Dane KRD pokazują, że w styczniu br. łączne zadłużenie przedsiębiorstw handlowych wyniosło 2,3 mld zł. To blisko dwa i pół razy więcej niż w podobnym okresie 2015 r. Liczba zalegających z płatnościami firm przekroczyła 78 tys., zaś samych przeterminowanych zobowiązań było ponad 320 tys.

– Przyczyn takiego stanu rzeczy jest wiele. Z jednej strony kurcząca się liczba małych sklepów, które nie wytrzymują konkurencji z dyskontami i sieciami handlowymi, z drugiej strony rozwój e-handlu, który zdobywa sobie coraz większą pozycję na rynku, a to wszystko przekłada się na walkę na marże. Ale trzeba pamiętać, że zmniejsza się liczba konsumentów, zmieniają się ich oczekiwania i kryteria, którymi kierują się przy zakupach. Kto nie potrafi w porę tego rozpoznać, traci – zwraca uwagę Adam Łącki, prezes Krajowego Rejestru Długów Biura Informacji Gospodarczej.

– Sytuację przedsiębiorców pogarszają dodatkowo stale rosnące koszty pracy. Wzrost wynagrodzeń w połączeniu z obniżaniem marż mającym na celu przyciągnięcie nowych klientów, sprawia iż działalność handlowa jest obecnie mniej dochodowa – mówi Mirosław Sędłak, prezes Rzetelnej Firmy.

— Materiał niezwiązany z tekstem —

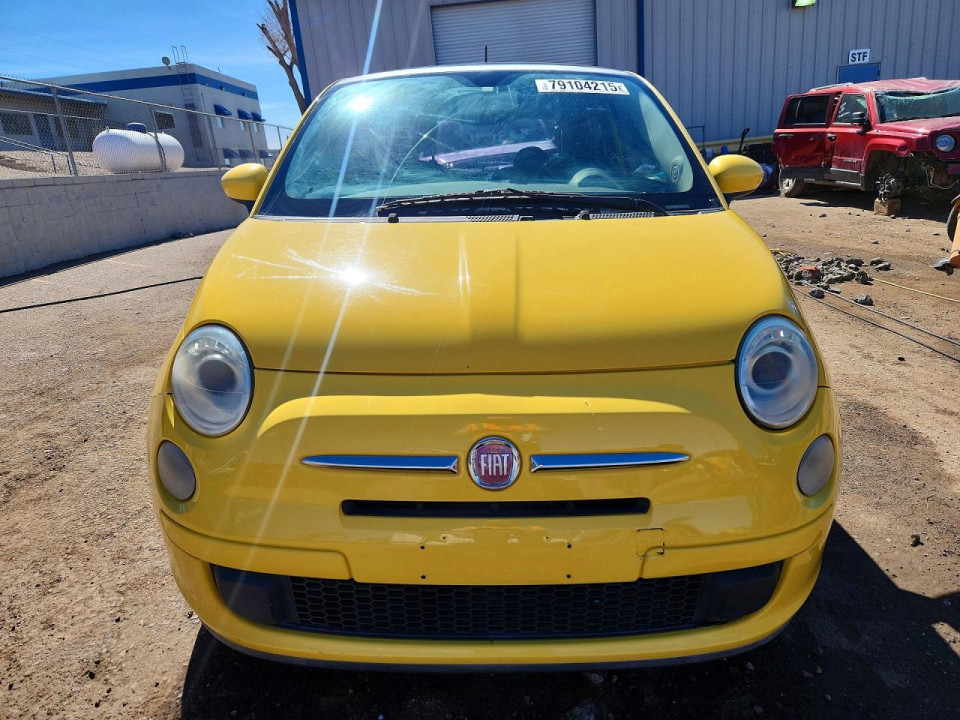 Fiat 500 2012 — Copart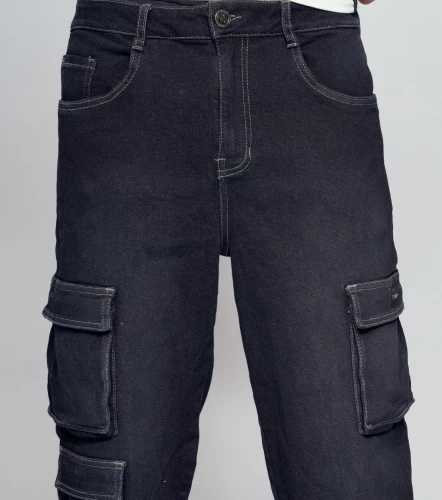 Esloty Jean Fit Slouchy Estampado TyperNG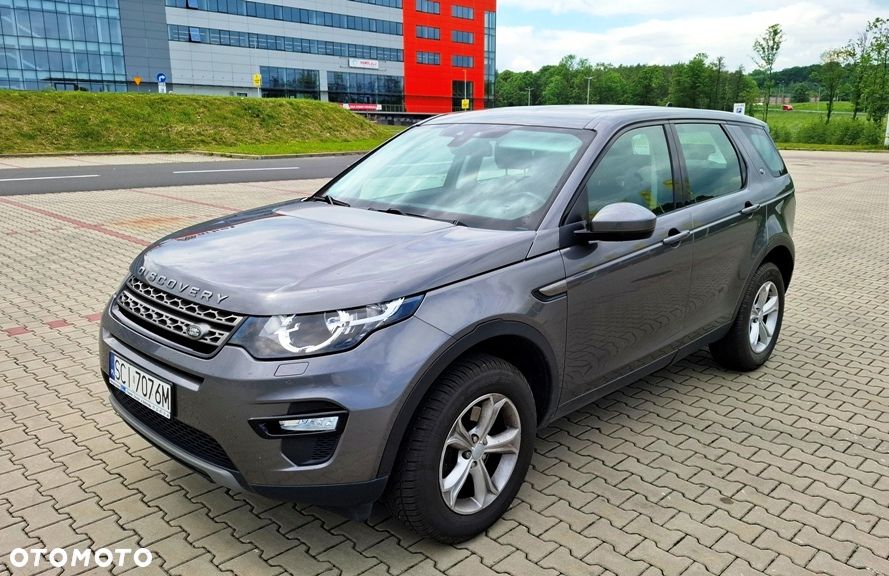 Land Rover Discovery Sport 2.0 TD4 SE - 1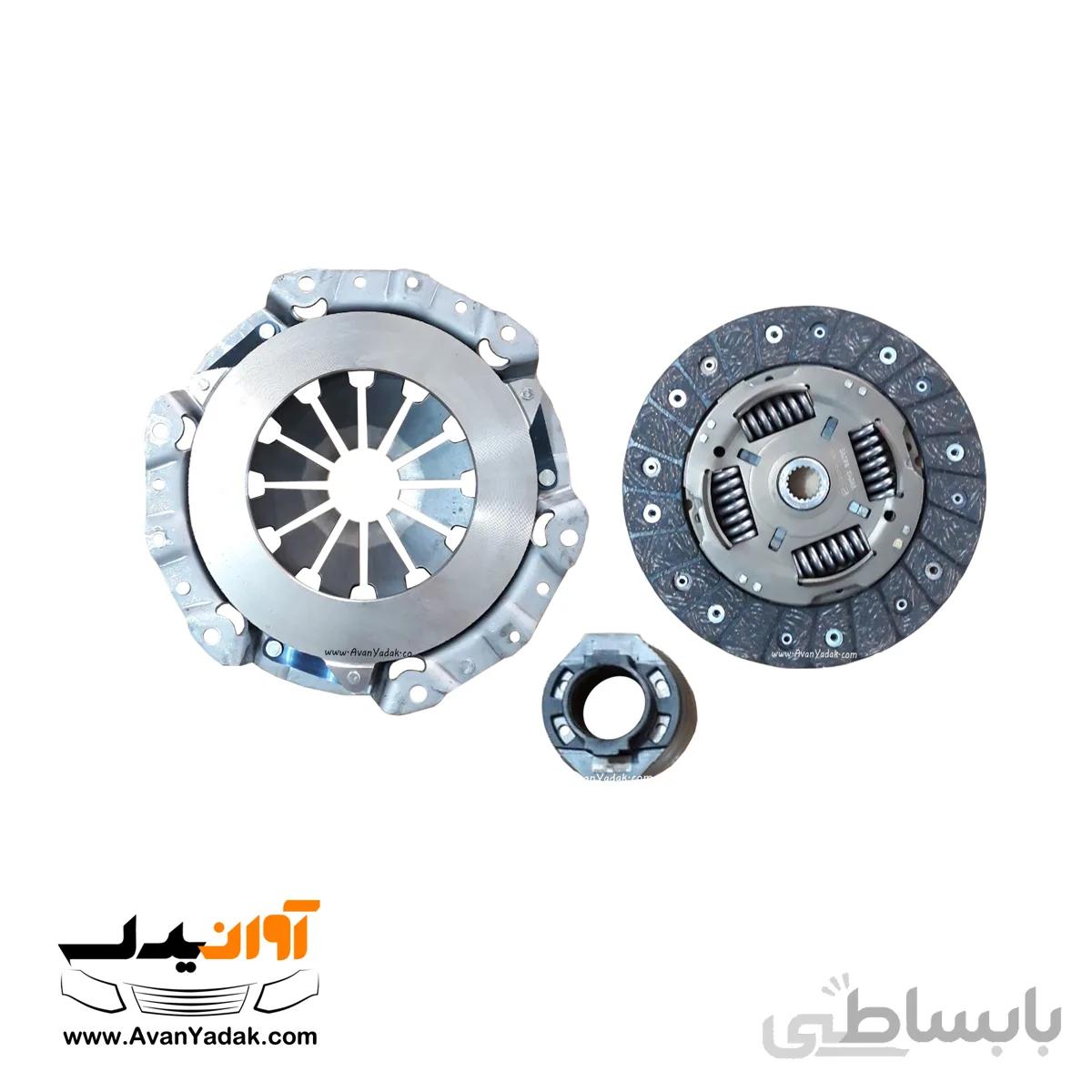 دیسک و صفحه 215 میلی متری JPA ساینا و کوییک دنده ای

– Część długów firm handlowych powstaje niejako na ich własne życzenie. Nie dość, że w pogoni za klientem decydują się często na zawieranie transakcji z nieznanymi albo wręcz niewiarygodnymi kontrahentami bez sprawdzenia czy przypadkiem nie figurują w Krajowym Rejestrze Długów, to dodatkowo gdy klient nie płaci, nie windykują należności, bo obawiają się, że go stracą. Takie przekonanie to mit, a jego efekt to coraz większe długi – tłumaczy Jakub Kostecki, prezes Zarządu firmy windykacyjnej Kaczmarski Inkasso.